ABOUT THIS EXERCISE — Search the records below for the word "Makeup" and show every line where it occurs.

━━━━━ DATA PROVIDED ━━━━━

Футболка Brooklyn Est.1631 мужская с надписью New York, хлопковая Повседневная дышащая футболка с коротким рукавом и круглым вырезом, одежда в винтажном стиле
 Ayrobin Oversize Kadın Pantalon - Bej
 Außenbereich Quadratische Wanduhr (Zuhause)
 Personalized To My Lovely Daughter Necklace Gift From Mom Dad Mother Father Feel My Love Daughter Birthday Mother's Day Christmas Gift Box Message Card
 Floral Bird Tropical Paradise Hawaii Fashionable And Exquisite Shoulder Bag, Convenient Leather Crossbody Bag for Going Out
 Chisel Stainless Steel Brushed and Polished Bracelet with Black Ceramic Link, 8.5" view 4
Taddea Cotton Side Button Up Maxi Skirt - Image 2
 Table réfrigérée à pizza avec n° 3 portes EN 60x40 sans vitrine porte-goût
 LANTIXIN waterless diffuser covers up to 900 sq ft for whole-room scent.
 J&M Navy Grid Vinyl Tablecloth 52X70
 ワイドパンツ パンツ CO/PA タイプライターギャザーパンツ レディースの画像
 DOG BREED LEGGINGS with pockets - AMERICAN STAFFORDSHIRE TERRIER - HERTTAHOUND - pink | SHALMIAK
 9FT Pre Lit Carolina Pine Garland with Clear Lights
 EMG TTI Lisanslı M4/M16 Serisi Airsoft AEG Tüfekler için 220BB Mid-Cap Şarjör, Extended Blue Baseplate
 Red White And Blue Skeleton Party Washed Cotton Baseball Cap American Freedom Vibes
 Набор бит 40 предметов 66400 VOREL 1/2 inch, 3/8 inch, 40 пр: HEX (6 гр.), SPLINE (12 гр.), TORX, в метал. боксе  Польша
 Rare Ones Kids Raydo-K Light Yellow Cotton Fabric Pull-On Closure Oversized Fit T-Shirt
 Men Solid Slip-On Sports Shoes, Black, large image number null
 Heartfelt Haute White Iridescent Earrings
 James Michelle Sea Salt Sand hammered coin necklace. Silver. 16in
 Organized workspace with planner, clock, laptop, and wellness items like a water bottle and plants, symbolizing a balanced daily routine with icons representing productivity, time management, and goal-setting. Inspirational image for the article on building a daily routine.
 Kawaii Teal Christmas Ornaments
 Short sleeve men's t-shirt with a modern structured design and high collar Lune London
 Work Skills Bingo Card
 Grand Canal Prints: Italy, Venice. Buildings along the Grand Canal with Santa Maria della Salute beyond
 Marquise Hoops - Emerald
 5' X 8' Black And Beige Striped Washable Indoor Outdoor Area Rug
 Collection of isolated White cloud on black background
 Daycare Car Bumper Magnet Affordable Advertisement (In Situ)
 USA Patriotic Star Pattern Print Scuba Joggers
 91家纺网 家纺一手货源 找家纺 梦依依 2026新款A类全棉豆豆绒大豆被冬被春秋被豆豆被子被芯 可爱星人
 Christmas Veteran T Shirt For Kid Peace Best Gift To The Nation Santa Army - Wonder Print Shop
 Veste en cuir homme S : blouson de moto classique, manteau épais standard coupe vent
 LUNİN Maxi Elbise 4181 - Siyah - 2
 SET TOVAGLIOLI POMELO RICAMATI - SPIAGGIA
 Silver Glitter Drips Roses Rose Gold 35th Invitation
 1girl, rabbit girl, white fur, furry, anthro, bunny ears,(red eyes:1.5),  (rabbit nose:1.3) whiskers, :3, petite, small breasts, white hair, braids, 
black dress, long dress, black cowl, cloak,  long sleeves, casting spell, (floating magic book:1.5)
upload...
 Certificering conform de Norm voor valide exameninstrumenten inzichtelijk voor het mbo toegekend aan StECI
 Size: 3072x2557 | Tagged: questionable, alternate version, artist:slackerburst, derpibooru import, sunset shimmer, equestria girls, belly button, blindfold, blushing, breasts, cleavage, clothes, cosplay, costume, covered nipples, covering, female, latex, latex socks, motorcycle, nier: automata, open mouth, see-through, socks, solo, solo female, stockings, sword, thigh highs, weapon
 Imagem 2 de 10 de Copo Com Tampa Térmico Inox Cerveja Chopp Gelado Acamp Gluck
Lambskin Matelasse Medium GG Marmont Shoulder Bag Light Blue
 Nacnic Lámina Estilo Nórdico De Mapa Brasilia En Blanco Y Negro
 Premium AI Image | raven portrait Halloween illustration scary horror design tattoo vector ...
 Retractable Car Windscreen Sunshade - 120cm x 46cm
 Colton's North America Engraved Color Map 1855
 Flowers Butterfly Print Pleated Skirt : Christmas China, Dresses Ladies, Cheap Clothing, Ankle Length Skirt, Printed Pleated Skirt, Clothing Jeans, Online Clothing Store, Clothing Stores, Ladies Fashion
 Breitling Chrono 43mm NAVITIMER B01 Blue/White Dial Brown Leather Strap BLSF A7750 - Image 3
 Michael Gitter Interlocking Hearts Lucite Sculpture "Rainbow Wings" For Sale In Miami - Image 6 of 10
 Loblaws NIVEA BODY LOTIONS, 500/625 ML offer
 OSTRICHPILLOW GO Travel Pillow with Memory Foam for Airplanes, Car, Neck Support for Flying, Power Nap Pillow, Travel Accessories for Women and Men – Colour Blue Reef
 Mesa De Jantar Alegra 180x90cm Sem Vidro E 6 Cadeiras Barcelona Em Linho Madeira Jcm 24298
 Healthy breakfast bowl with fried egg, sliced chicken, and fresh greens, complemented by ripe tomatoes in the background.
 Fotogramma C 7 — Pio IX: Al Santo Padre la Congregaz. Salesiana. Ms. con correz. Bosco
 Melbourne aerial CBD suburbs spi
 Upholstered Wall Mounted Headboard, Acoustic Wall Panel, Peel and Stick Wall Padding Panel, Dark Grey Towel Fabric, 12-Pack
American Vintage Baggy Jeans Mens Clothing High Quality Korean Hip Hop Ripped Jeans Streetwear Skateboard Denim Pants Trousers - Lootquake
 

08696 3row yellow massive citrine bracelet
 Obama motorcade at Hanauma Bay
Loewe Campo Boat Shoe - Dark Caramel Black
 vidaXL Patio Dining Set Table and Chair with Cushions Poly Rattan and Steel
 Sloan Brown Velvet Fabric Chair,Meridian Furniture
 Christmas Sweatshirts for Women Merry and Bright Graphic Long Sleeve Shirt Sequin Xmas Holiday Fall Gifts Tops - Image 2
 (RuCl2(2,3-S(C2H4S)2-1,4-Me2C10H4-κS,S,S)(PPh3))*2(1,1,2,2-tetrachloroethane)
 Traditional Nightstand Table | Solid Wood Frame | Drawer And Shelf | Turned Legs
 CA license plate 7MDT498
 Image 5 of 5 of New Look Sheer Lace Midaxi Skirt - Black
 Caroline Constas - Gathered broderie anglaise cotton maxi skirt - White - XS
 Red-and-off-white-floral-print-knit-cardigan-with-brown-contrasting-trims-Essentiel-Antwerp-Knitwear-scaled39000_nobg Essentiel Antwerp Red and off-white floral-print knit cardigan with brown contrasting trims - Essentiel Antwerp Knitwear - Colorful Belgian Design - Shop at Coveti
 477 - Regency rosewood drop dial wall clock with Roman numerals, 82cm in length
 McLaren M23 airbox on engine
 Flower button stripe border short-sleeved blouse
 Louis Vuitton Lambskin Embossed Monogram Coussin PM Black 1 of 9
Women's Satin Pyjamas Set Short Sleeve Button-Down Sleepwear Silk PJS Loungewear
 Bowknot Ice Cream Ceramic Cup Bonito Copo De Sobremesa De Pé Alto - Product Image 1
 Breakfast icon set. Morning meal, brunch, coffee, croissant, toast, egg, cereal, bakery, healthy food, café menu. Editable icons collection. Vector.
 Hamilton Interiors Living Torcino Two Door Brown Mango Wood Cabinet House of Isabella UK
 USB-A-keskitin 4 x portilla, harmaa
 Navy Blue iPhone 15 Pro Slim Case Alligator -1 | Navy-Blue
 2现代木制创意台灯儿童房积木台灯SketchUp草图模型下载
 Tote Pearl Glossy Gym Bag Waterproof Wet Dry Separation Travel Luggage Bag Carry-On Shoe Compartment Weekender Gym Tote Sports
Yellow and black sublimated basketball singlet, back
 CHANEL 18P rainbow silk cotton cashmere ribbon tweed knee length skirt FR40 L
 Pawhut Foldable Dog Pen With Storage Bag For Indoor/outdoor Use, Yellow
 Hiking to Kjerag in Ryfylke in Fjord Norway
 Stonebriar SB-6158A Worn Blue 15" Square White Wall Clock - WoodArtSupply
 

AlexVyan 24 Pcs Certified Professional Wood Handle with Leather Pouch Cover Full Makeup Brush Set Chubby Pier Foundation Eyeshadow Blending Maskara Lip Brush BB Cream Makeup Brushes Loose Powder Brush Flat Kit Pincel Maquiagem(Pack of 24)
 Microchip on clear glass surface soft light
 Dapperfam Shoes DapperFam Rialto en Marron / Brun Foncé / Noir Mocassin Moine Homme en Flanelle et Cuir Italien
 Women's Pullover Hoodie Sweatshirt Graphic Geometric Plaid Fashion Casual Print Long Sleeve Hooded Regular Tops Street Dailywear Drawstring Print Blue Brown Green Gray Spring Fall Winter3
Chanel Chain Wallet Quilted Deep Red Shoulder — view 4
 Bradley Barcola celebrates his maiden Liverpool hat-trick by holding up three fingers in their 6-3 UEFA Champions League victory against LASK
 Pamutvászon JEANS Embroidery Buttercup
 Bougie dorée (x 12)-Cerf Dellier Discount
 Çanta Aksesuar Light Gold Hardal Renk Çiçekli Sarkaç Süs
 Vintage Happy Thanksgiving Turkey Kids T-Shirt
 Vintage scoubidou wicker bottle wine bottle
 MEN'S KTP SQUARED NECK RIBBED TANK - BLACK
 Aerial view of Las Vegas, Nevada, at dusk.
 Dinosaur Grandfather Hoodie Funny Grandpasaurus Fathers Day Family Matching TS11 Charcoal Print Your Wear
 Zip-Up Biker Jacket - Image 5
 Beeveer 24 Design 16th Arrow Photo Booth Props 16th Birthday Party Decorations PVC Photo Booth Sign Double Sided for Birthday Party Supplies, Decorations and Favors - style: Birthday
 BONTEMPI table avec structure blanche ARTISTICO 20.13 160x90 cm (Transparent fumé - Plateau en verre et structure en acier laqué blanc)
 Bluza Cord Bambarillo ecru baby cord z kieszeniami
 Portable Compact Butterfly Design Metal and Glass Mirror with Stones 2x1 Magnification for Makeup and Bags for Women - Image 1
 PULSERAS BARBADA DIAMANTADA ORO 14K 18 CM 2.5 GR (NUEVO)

━━━━━

EXERCISE RESPONSE —
AlexVyan 24 Pcs Certified Professional Wood Handle with Leather Pouch Cover Full Makeup Brush Set Chubby Pier Foundation Eyeshadow Blending Maskara Lip Brush BB Cream Makeup Brushes Loose Powder Brush Flat Kit Pincel Maquiagem(Pack of 24)
 Portable Compact Butterfly Design Metal and Glass Mirror with Stones 2x1 Magnification for Makeup and Bags for Women - Image 1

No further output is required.